East Syriac martyr and theologian (died 615)

George of Izla (ܓܝܘܪܓܝܣ ܕܐܝܙܠܐ, Gēwargis d'Izlā, born Mihrām-gušnasp or Mihr-Māh-gošnasp, died 615) was an East Syriac martyr, theologian and interpreter. He was mainly remembered for his role in a royal disputation which eventually led to his execution.

== Early life ==
Mihramgushnasp appears to have been born in the village of Paqōrya d'Benšbail in Mesopotamia in the late 6th century. He was raised Zoroastrian in a noble dehqan family. His father Babai was the ōstāndār (official in charge of crown property) of Nasibin, his grandfather had held the prefecture of Weh Antiok Khosrow near Ctesiphon. His mother was the daughter of a Magian mowbed (high priest).

Mihramgushnasp received his education in Zoroastrian religious rituals and Persian literature, and by the age of seven he learned to recite the Yashts and perform the Barsom. He later married his sister Hazaroe, which was a common practice among aristocratic Magians.

== Conversion ==
The late Sasanian period saw an increase of conversions from Zoroastrianism to Christianity. It seemed that the Church of the East directed their missionary efforts at the Sasanian ruling class in hopes of Christianising the empire, as had been the case with the Roman Empire. Mihramgushnasp and his sister-wife, known later by her Christian name "Maria", were among the aristocratic converts. He apparently left his family to marry a Christian wife, and informed her family of his intentions to be baptised. He succeeded in convincing his sister of converting as well, and together they announced their conversion by desecrating the holy fire, deliberately seeking martyrdom. However they were not executed, and he left for a monastery in Mount Izla, Tur Abdin in 601, where he received his Christian education alongside Babai the Great, one of the most influential theologians of the Church of the East.

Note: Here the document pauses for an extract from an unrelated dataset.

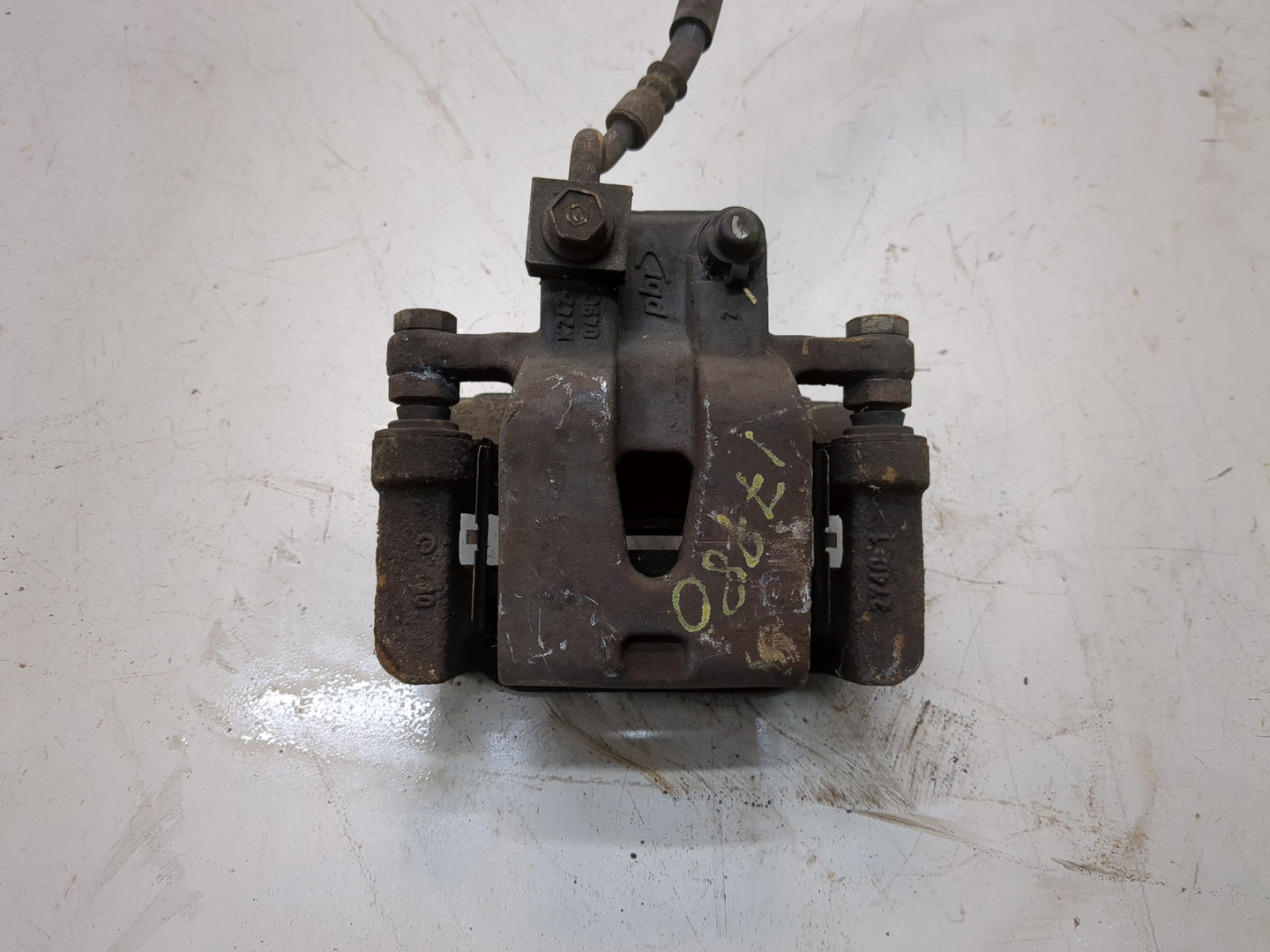 Суппорт задний левый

== Disputation and death ==
George of Izla participated in several debates with Zoroastrians. His knowledge of the Avesta gave him an edge over his rivals.

The most famous disputation in which he took part was a debate between members of the Church of the East and the Miaphysite Syriac Orthodox Church, convened by the Sasanian king Khosrow II in 612 at the royal court in Ctesiphon. The Church of the East delegation was headed by George of Izla while Gabriel of Sinjar, the Shah's physician, led the Miaphysites. Later sources claim that George won the debate. In retaliation, Gabriel brought up George on charges of apostasy from Zoroastrianism, a crime punishable by death in Sasanian law.

George was judged and convicted of apostasy. He was crucified in the straw market in Veh-Ardashir In 615.